Back along the dam I got back to the bottom rod, lowered a rig on the spot once more and retreated. A few minutes passed and the bobbin lifted, very slowly and the tip just quivered. I lifted and felt a bit more resistance than before, I thought possibly one of the small commons or a larger tench, but the hook pulled after 30 or so seconds. With the commotion and the crusts still being poked about I got back up the bank with the floater rod to hand and tossed out a few more crusts. A common appeared below me, took one crust and I lowered my hook-bait into his path, without hesitation he took it and I struck, there was an almighty explosion on the surface, water sprayed everywhere and my line fell slack, the fish was gone.
I was looking at the time and realise that I only had around half an hour to go. With all the commotion of the two lost fish I didn’t think it worth fishing on, and as Steve was fishing the middle pond I was heavily swaying towards packing down and joining him for a brew. But something told me to have one more cast, so another chunk of meat was rigged up and dropped onto the spot. It got dark and I kept looking at the watch. Then it happened, a single bleep followed by the bobbin cracking against the rod and the tip bending a full 45 degrees. I picked up the rod, stuck the tip under the water and walked away from the snags with my hand over the spool. Keeping the fish away from the snags wasn’t a problem and at first I thought it was one of the small commons, but under the rod tip things changed, I couldn’t lift it, it just hugged the bottom, swam round and round taking line whenever it wanted to and started to gain its respect with every minute that passed. It took quite a while but eventually I caught a glimpse of it in the headlamp beam, and I could see straight away it was a ghostie, but which one?
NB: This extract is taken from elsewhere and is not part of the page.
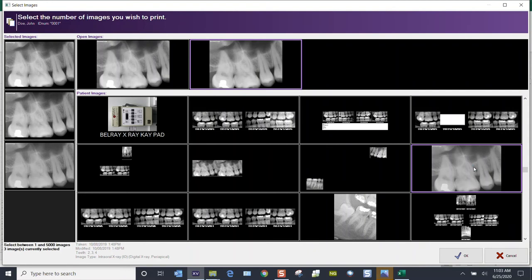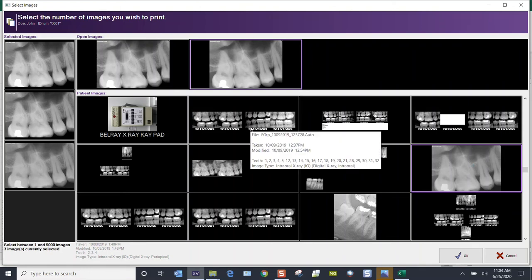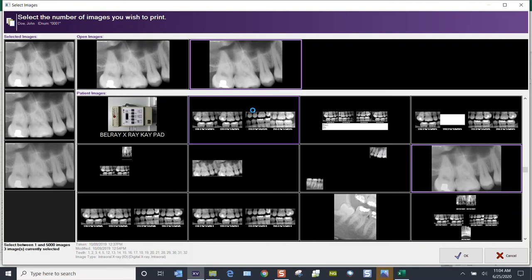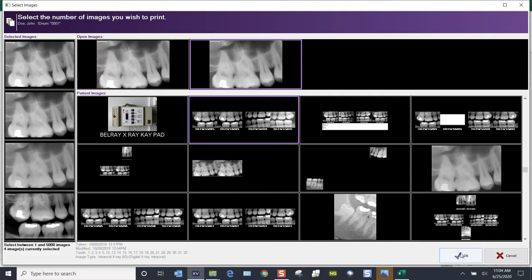And if I needed an image out of a layout, let's click into this bitewing from October 2019. Click into that layout, then click on the bitewing that you need, and click OK in the lower right-hand corner. Now you've got four images selected and you click OK.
It still took a while to bring the fish to the net with me missing once and almost messing it up, but once in the net I really couldn’t tell if it was or wasn’t the big girl. It looked long enough but not deep enough. I called Steve who came to help with the photos. At first he thought it was her but as I lifted the net out there just wasn’t enough weight. The other fish was deeper, had more girth and was slightly longer, but to look at they were identical in appearance. On the scales our thoughts were confirmed when the needle settled on 16lb 2oz. Steve obliged with the pictures and I released her at the next swim along.
An impressive looking fish she was, but I really thought there for a minute that the job was done. I was close catching the fish she was always hanging around with, and that made me even more eager to get back and get the job done. I packed my things away, thanked Steve for the photos and headed off home.